### Task
Where the entries below show "Мужской рюкзак Louis", begin there and print that line and all following lines exactly, through the last, omitting pictures.
== Supplied material ==
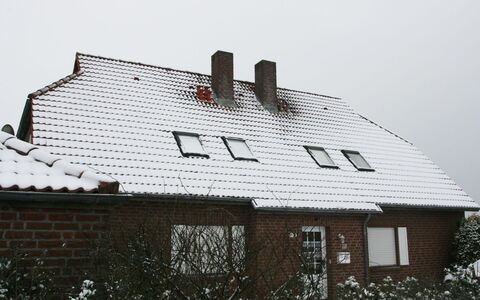 Norddeich 757: Gebäude, Eigentum, Fenster, Himmel, Pflanze, Haus, Holz, Kamin, Rechteck, Hütte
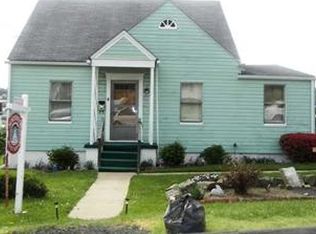 2 Evergreen St, Lyndora, PA 16045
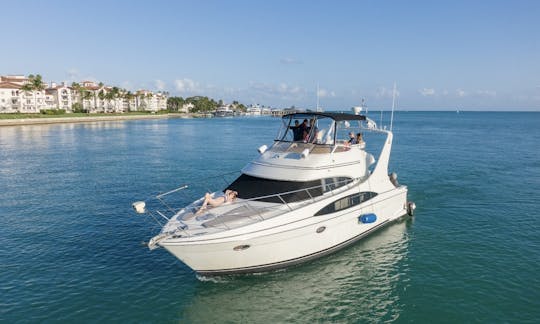 Carver 48' Luxury Flybridge Yacht in Miami Beach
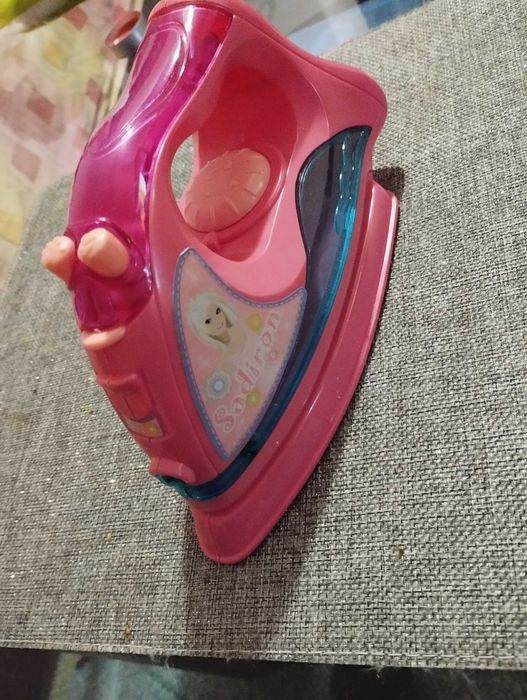 Детска ютия с мелодии и светлина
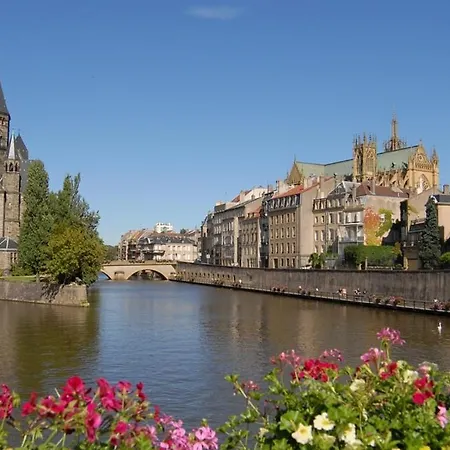 Metz, Lumineux, Terrasse Cosy Et Parking Prive Inclus Μετς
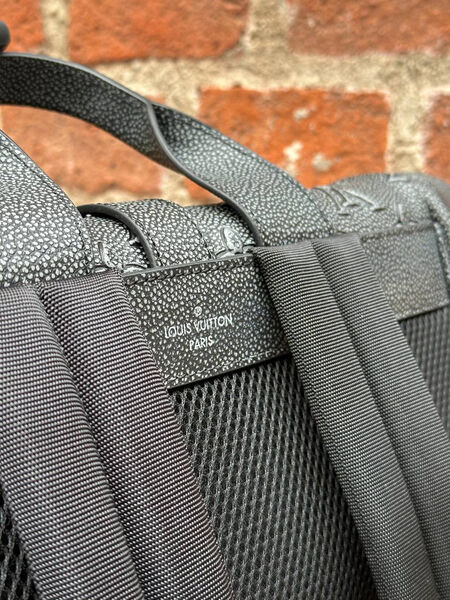 Мужской рюкзак Louis Vuitton мужской кожа черный 134333-6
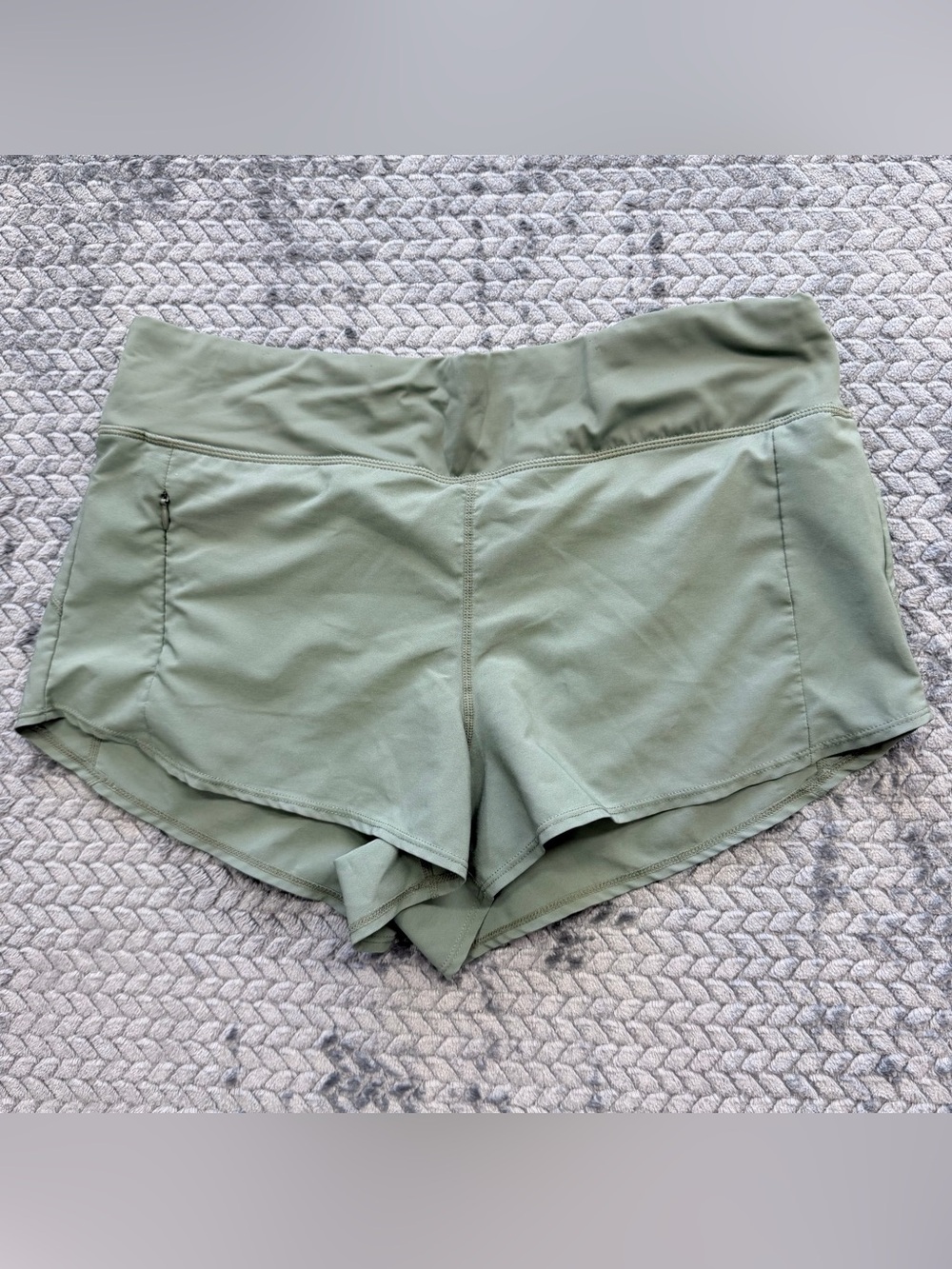 Title Nine Olive Green Running Fitness Athletic Shorts Women's Size Medium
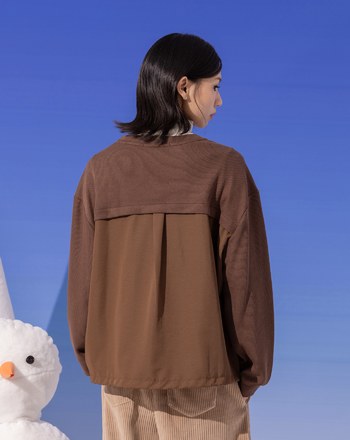 ➤異材質拼接抽繩傘狀大學T(兩色)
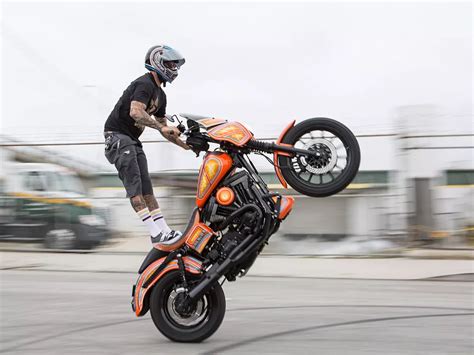 Harley-Davidson Wheelies Photo Gallery | Hot Bike Magazine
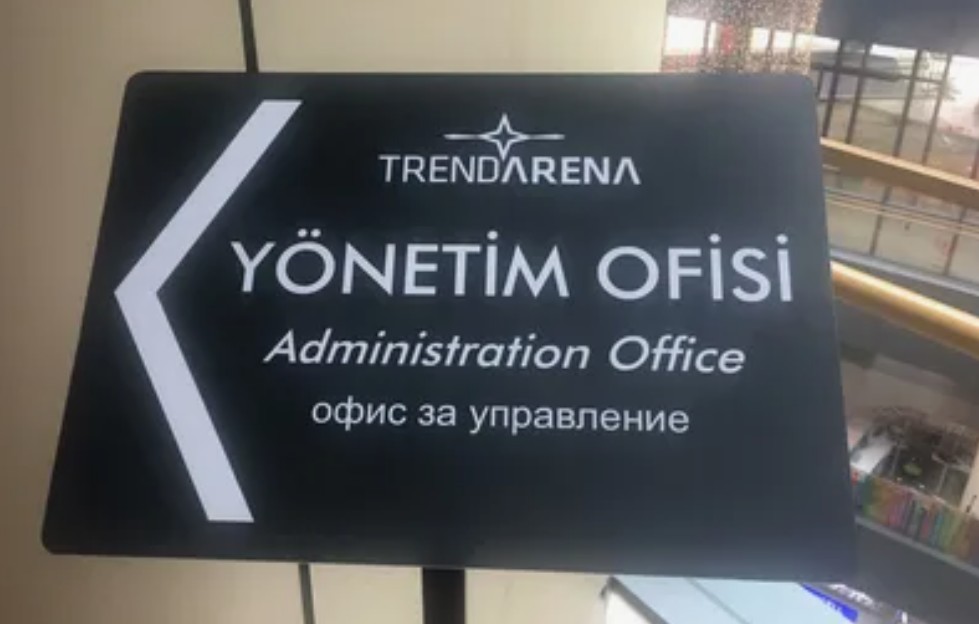 Fabrikalar ve Sanayi Tesisleri için Yönlendirme Tabelaları
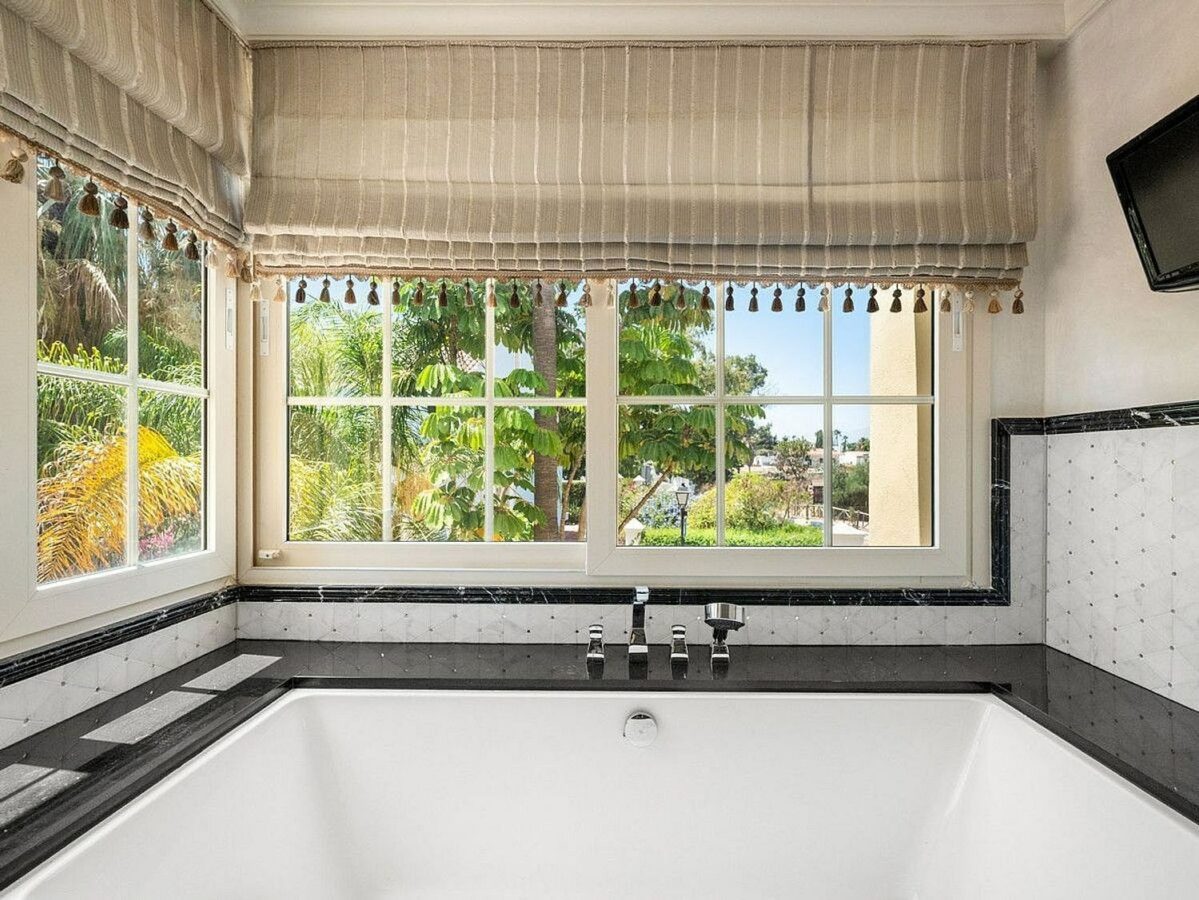 Beachside villa with renovation project Cortijo Blanco San Pedro de Alcantara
===
### Answer to the problem
 Мужской рюкзак Louis Vuitton мужской кожа черный 134333-6
 Title Nine Olive Green Running Fitness Athletic Shorts Women's Size Medium
 ➤異材質拼接抽繩傘狀大學T(兩色)
 Harley-Davidson Wheelies Photo Gallery | Hot Bike Magazine
 Fabrikalar ve Sanayi Tesisleri için Yönlendirme Tabelaları
 Beachside villa with renovation project Cortijo Blanco San Pedro de Alcantara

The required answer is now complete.